===== Material for this exercise
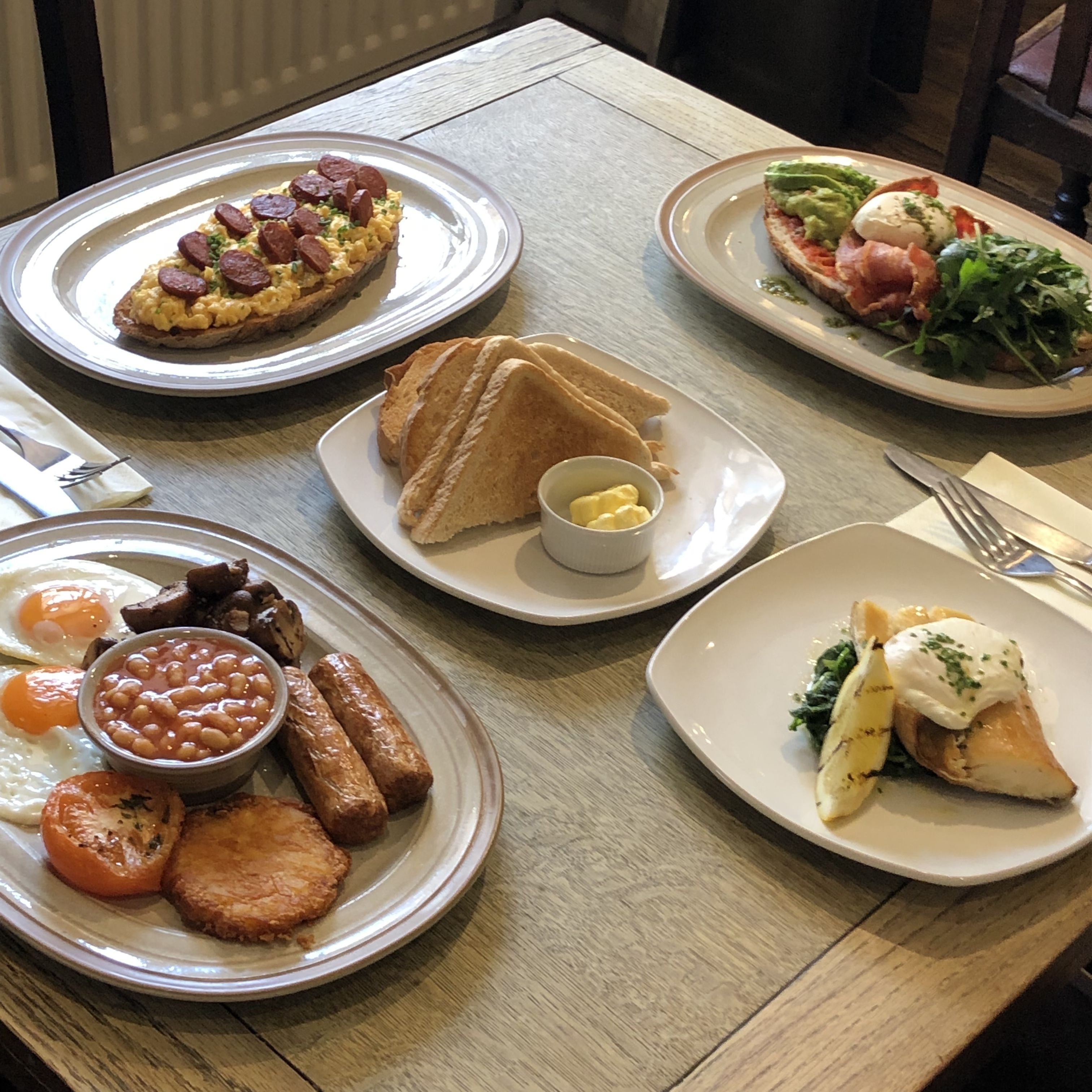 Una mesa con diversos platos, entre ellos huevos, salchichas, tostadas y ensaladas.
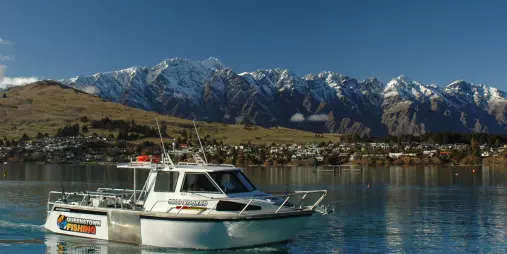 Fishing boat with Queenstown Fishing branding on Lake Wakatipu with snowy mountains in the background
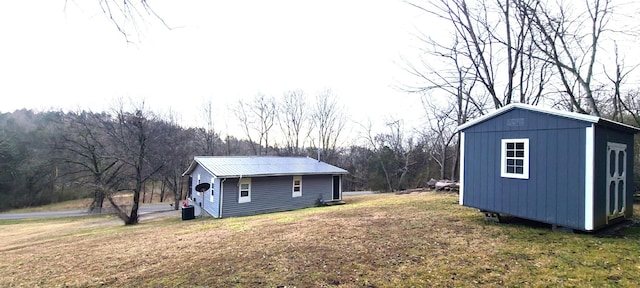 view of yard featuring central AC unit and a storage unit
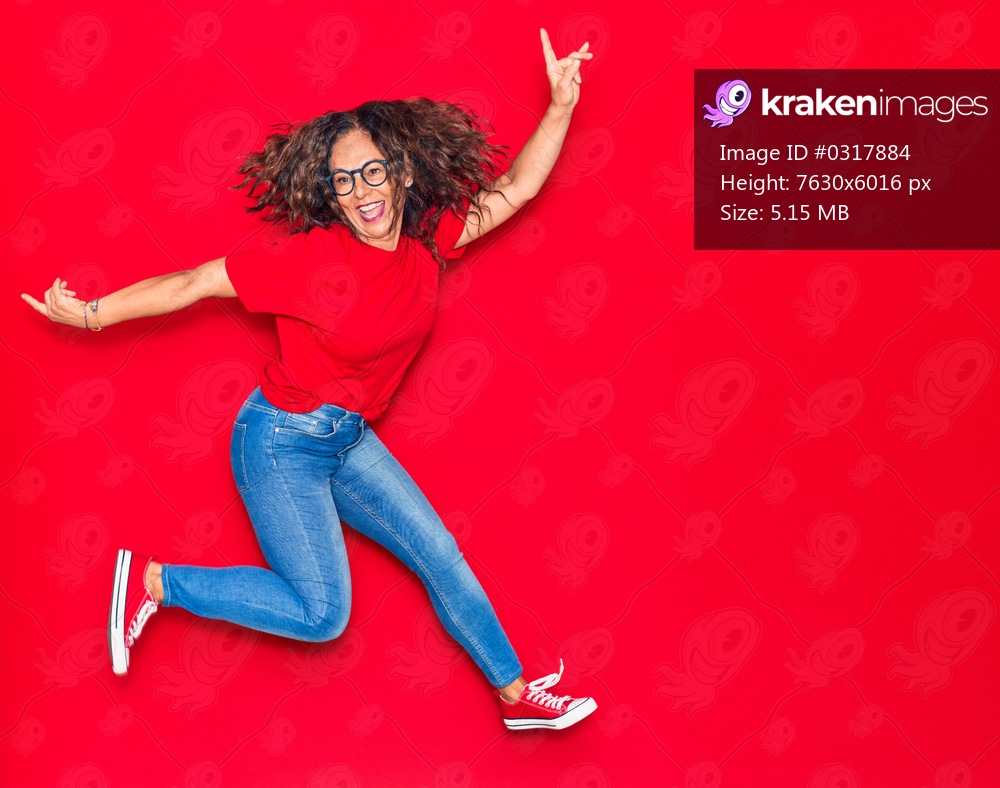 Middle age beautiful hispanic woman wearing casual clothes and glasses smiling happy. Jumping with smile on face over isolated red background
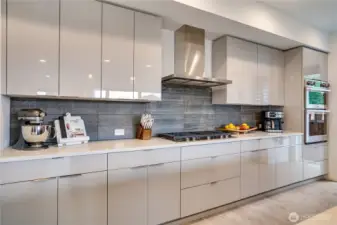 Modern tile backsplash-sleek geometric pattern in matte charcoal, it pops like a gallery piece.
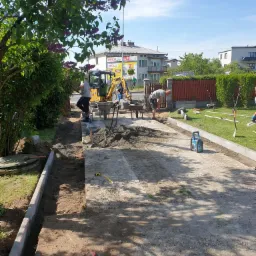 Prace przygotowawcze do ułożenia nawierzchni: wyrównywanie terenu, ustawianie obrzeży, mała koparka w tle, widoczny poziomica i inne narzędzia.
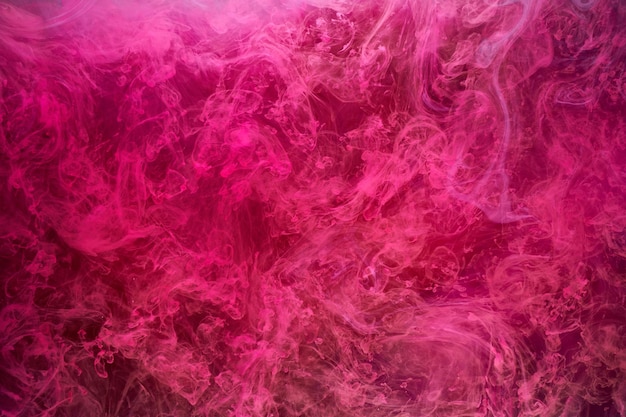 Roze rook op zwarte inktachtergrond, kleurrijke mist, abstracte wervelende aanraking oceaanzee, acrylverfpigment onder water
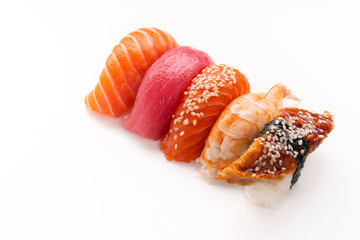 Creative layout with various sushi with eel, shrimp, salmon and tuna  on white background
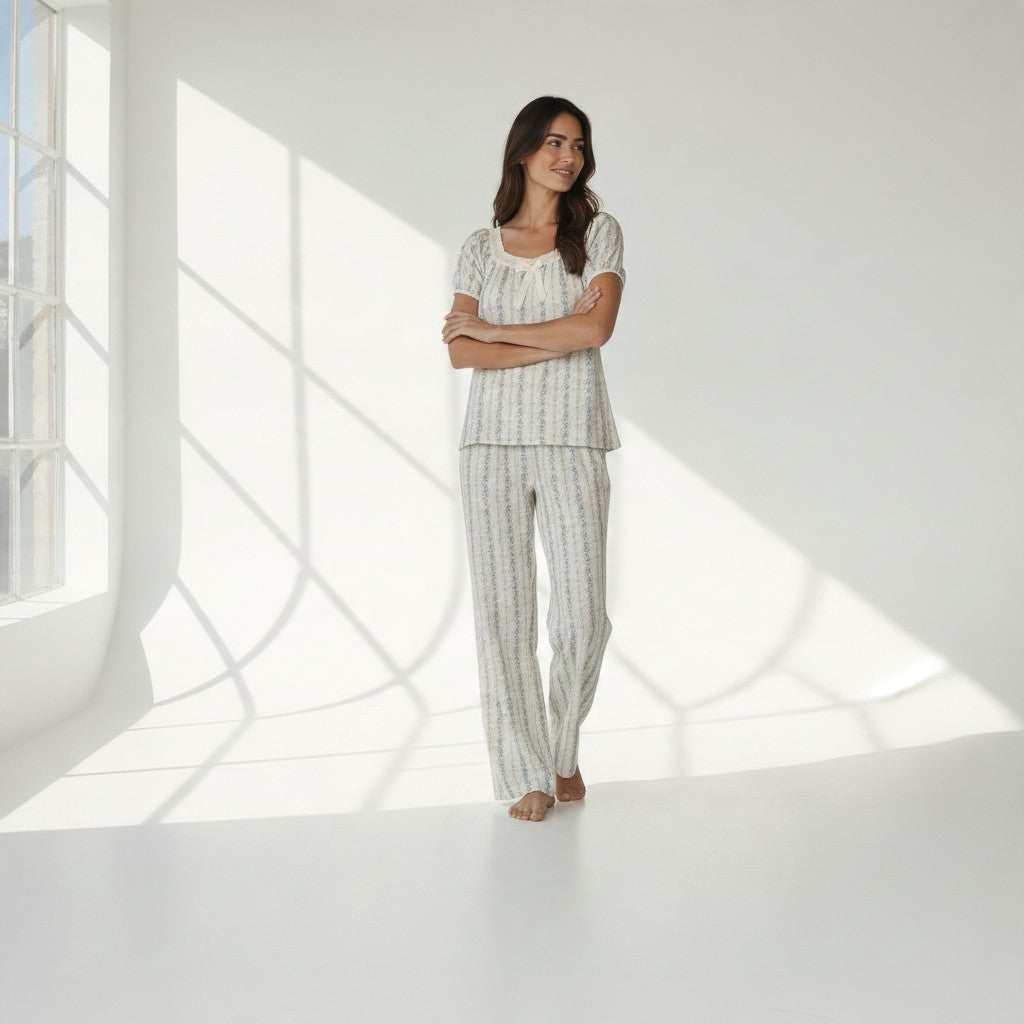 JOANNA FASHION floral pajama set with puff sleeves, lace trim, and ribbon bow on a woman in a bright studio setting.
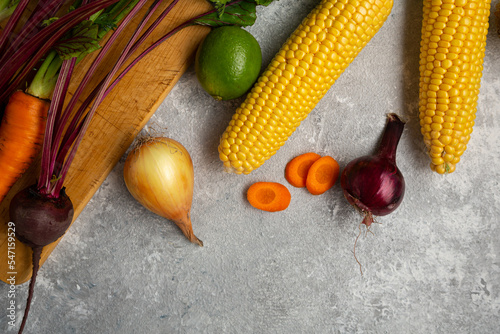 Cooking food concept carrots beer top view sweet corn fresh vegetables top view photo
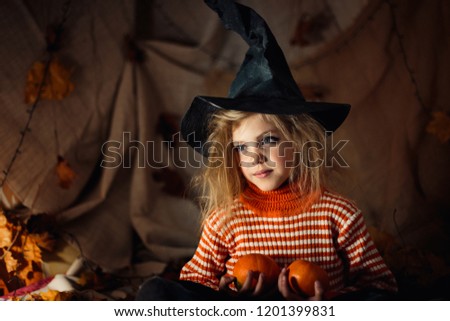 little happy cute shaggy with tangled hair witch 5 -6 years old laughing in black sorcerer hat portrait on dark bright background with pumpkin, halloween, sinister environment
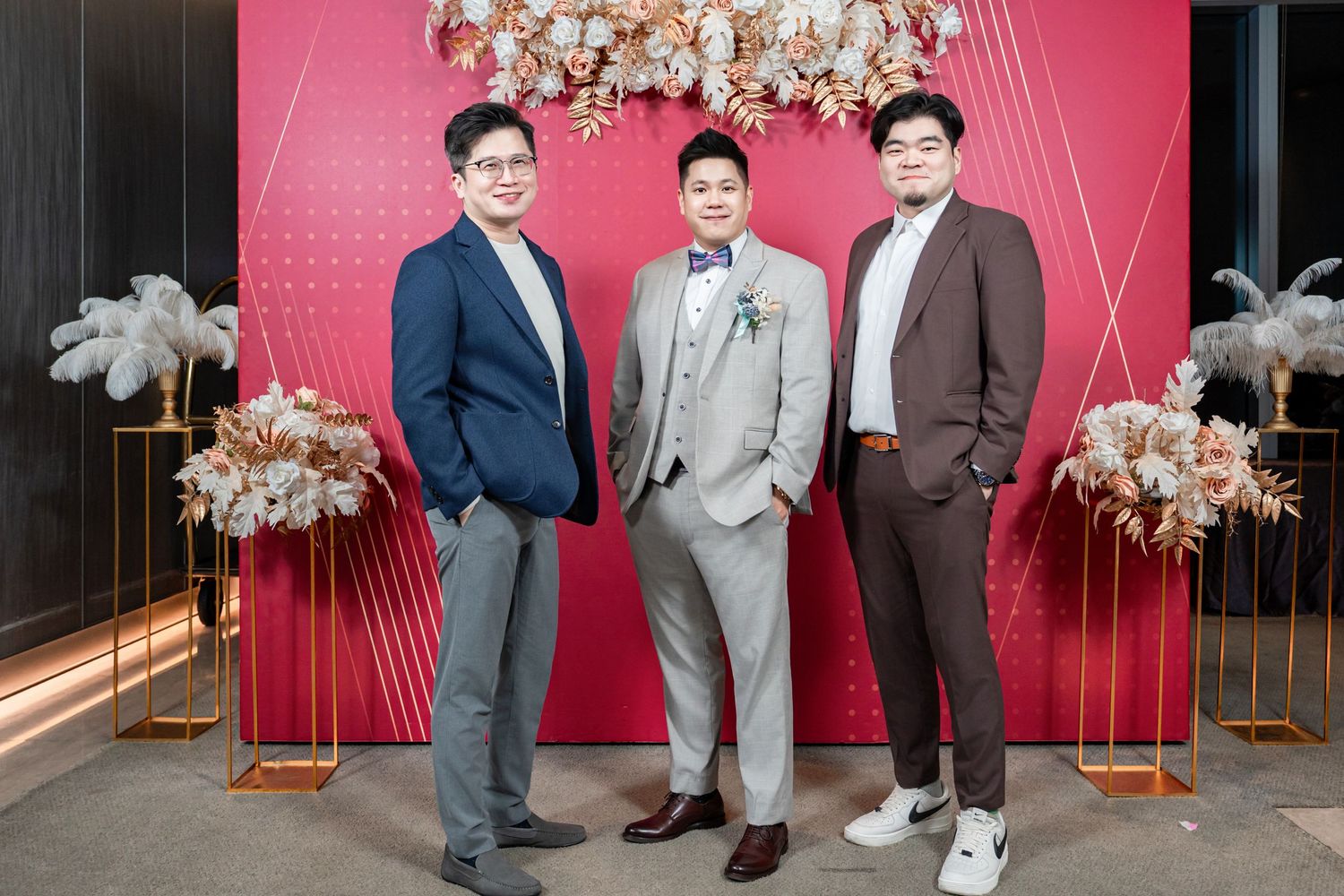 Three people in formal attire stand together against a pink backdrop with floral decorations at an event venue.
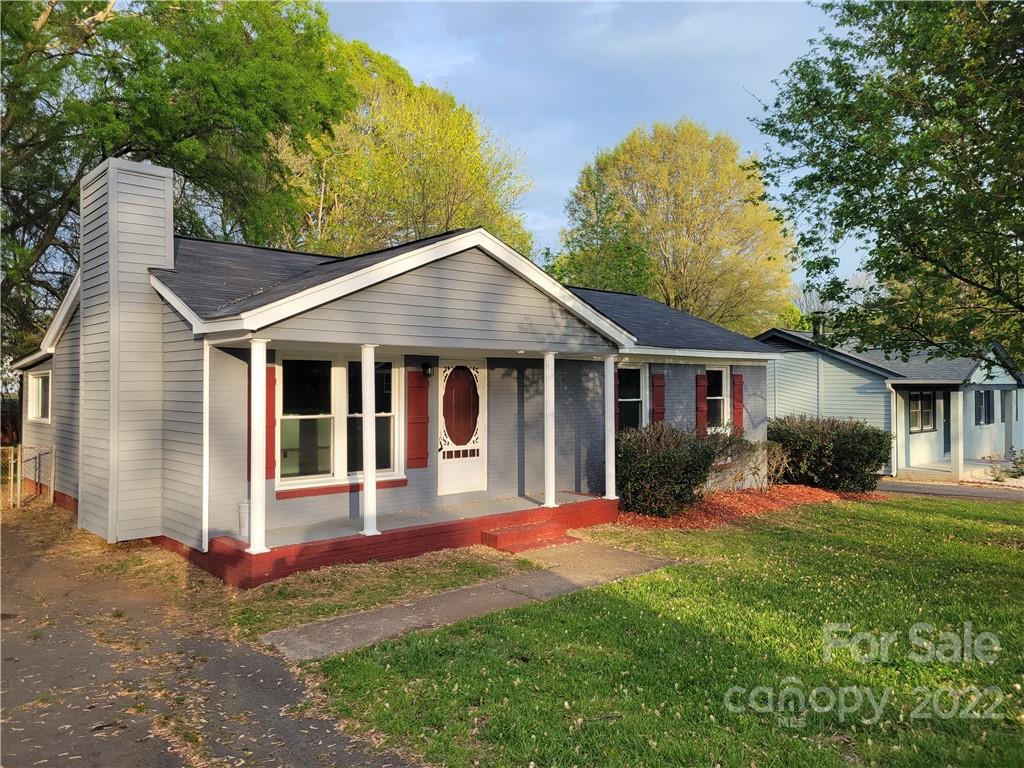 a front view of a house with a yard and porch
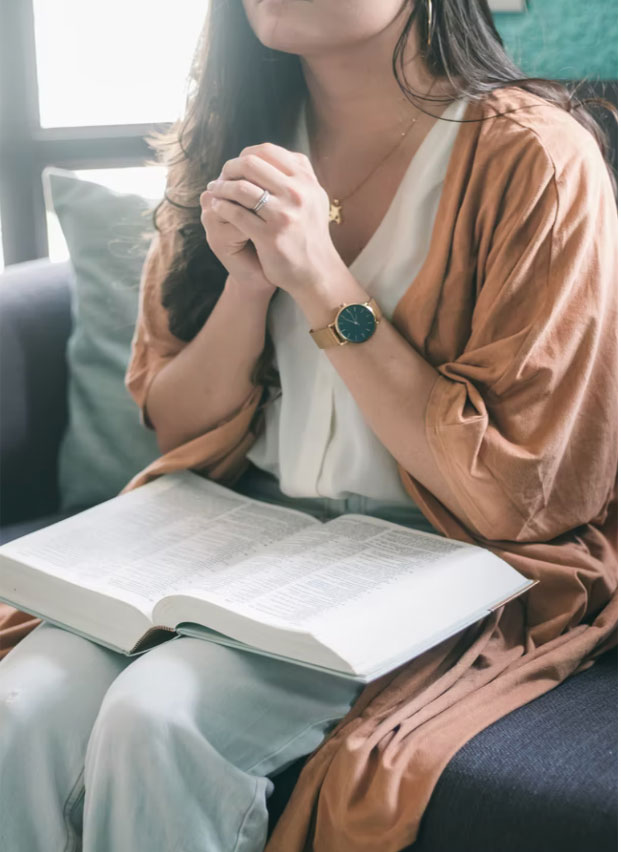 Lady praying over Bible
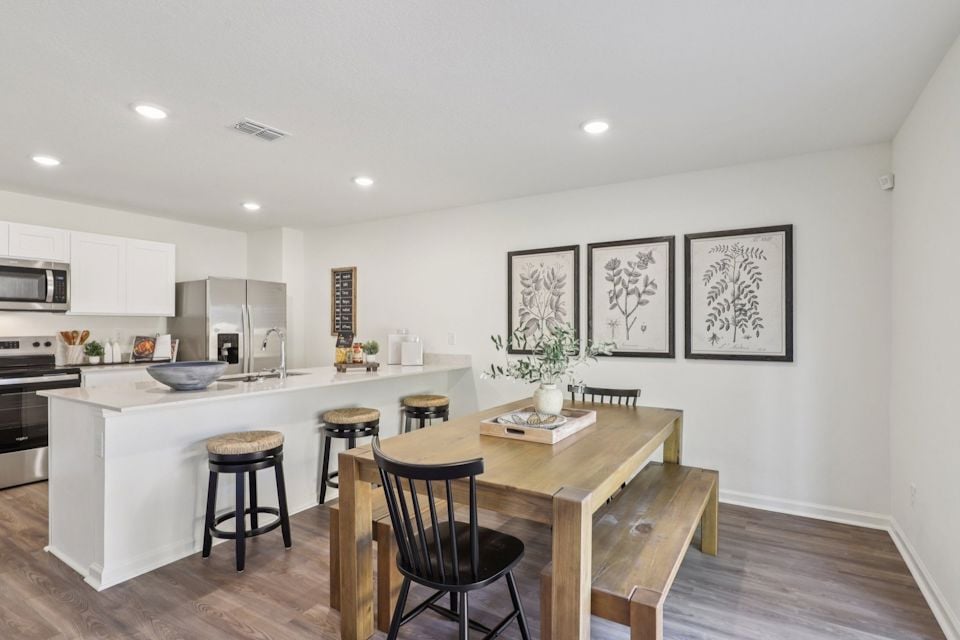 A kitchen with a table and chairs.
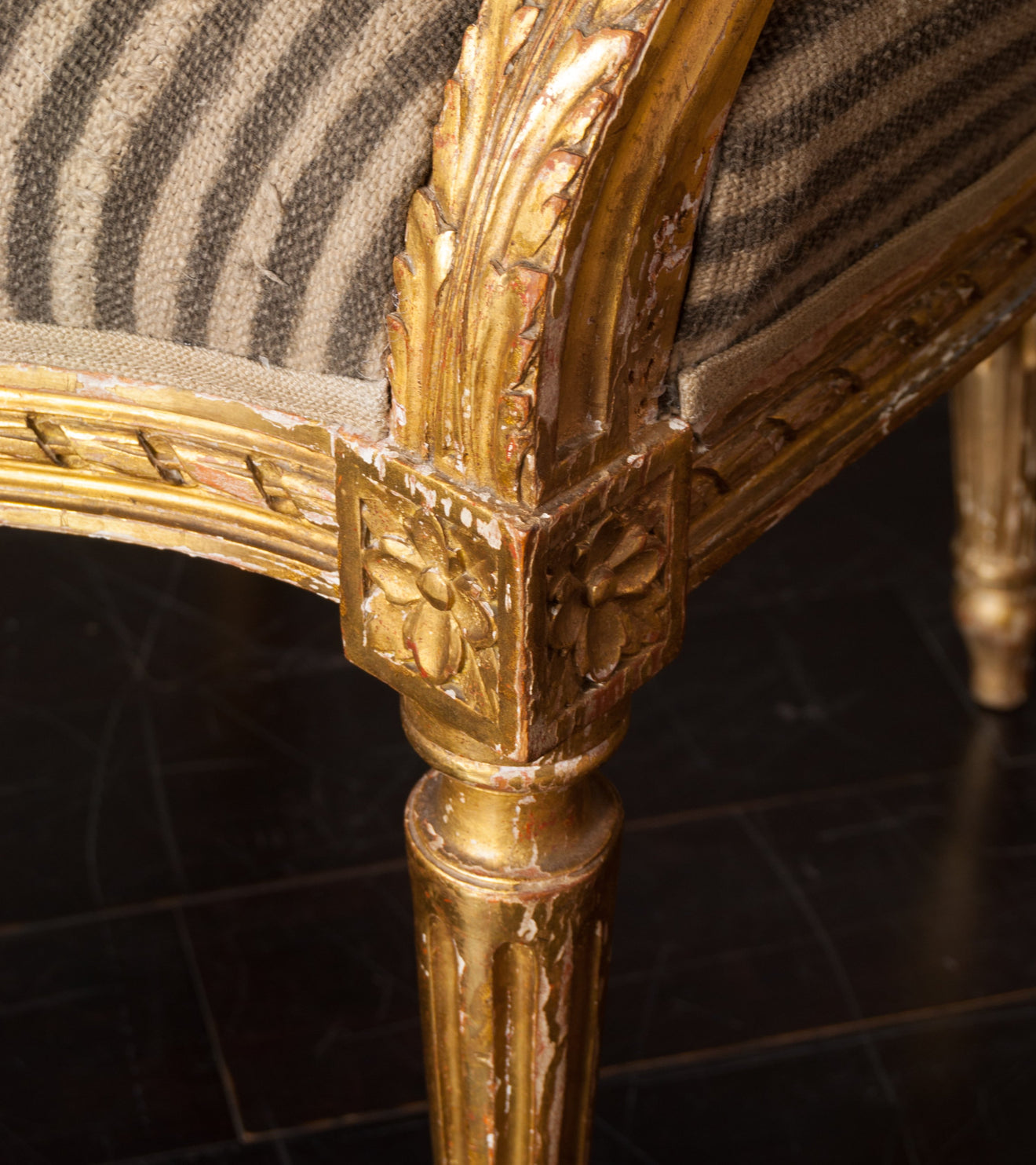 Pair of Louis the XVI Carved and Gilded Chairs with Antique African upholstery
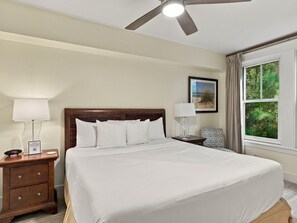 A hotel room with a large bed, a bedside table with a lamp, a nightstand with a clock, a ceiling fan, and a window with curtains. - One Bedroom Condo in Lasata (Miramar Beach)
==========
Work request -
Copy the records above exactly, from the first line through the line containing "Prace przygotowawcze do", and leave out the pictures.

Result of the task -
 Una mesa con diversos platos, entre ellos huevos, salchichas, tostadas y ensaladas.
 Fishing boat with Queenstown Fishing branding on Lake Wakatipu with snowy mountains in the background
 view of yard featuring central AC unit and a storage unit
 Middle age beautiful hispanic woman wearing casual clothes and glasses smiling happy. Jumping with smile on face over isolated red background
 Modern tile backsplash-sleek geometric pattern in matte charcoal, it pops like a gallery piece.
 Prace przygotowawcze do ułożenia nawierzchni: wyrównywanie terenu, ustawianie obrzeży, mała koparka w tle, widoczny poziomica i inne narzędzia.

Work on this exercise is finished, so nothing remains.